#### GIVEN RECORDS:

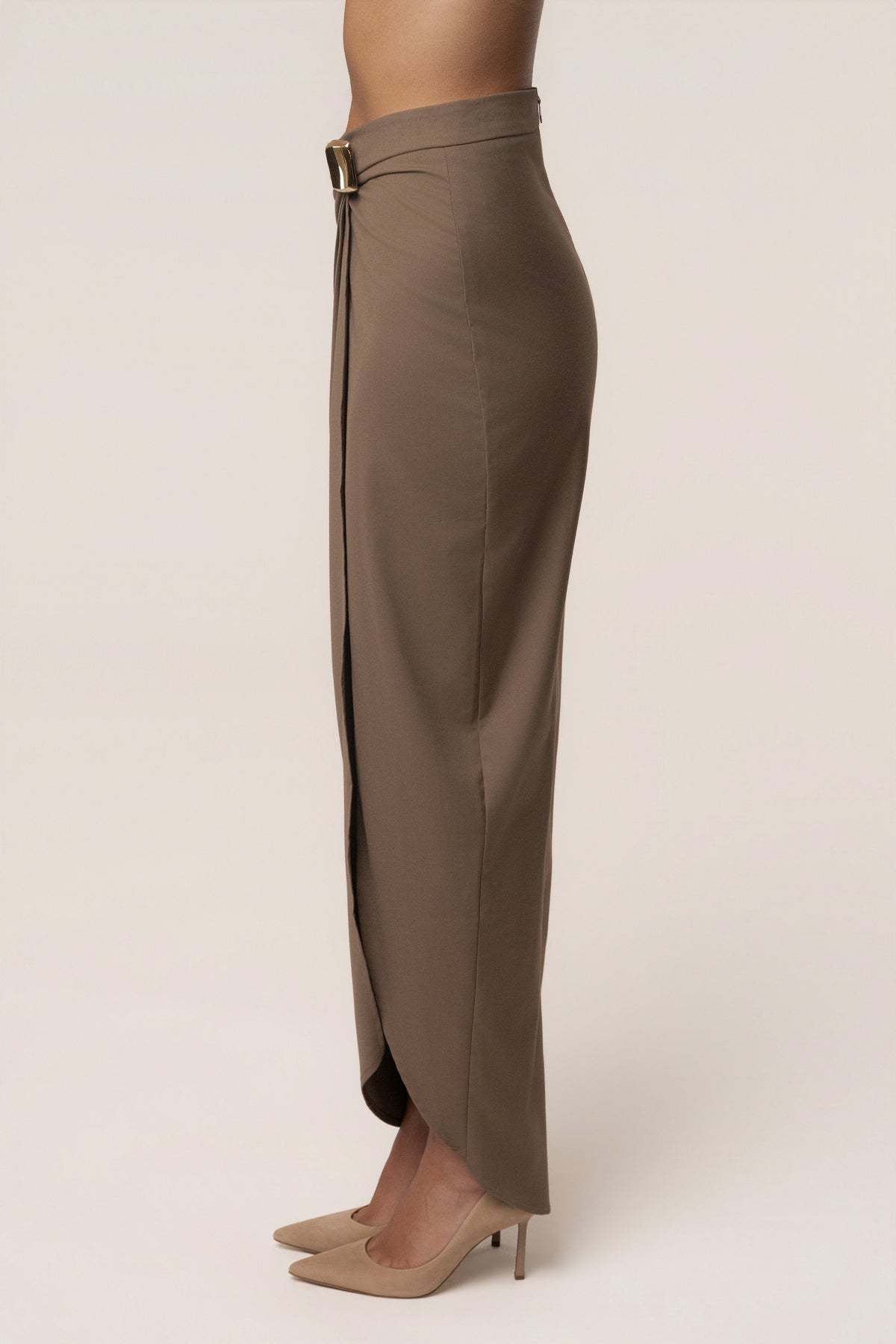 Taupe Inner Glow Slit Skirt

---

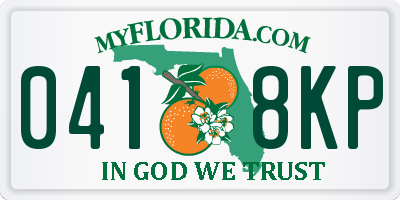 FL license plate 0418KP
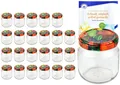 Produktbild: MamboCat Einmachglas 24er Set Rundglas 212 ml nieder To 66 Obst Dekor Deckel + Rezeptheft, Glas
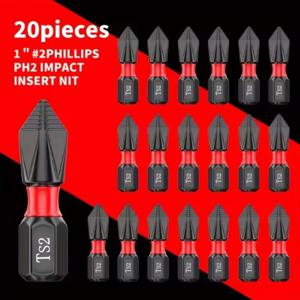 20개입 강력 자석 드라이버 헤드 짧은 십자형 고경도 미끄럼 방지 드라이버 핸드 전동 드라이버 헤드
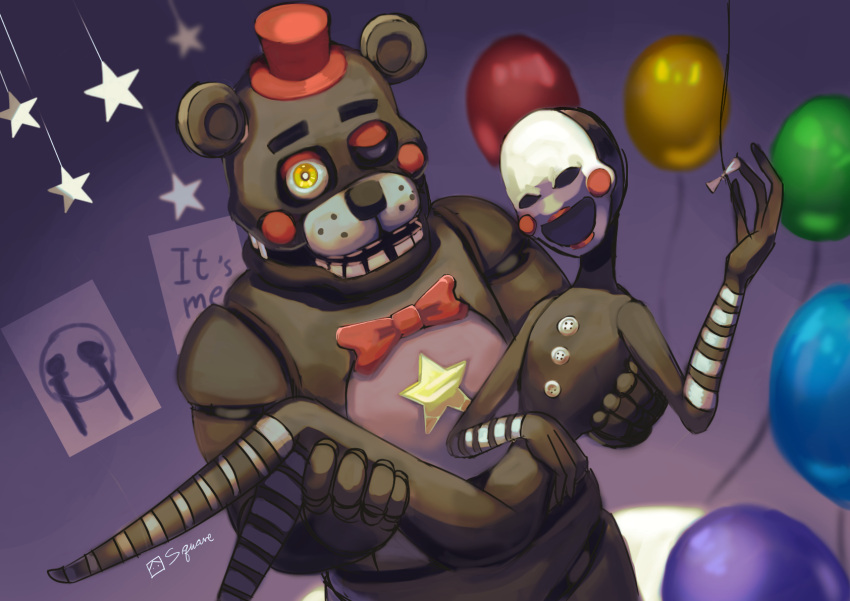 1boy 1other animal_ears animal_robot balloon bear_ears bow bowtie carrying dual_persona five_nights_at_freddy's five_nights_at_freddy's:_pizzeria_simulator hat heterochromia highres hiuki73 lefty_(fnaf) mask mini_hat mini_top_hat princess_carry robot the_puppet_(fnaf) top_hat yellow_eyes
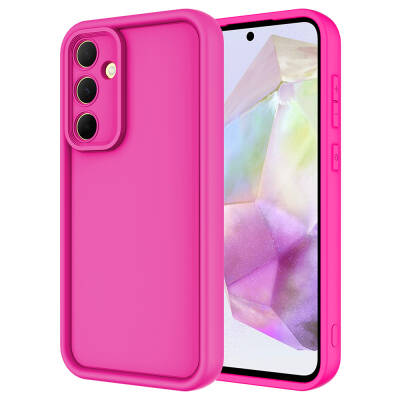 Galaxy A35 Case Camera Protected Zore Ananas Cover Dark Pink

--

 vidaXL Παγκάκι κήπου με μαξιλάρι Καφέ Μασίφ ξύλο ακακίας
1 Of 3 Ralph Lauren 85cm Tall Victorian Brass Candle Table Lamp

#### ASSIGNED TASK:
Only one stretch of the records above is wanted: the lines between the one holding "vidaXL Παγκάκι κήπου" and the one holding "1 Of 3 Ralph", inclusive, reproduced exactly.

#### SOLUTION:
 vidaXL Παγκάκι κήπου με μαξιλάρι Καφέ Μασίφ ξύλο ακακίας
1 Of 3 Ralph Lauren 85cm Tall Victorian Brass Candle Table Lamp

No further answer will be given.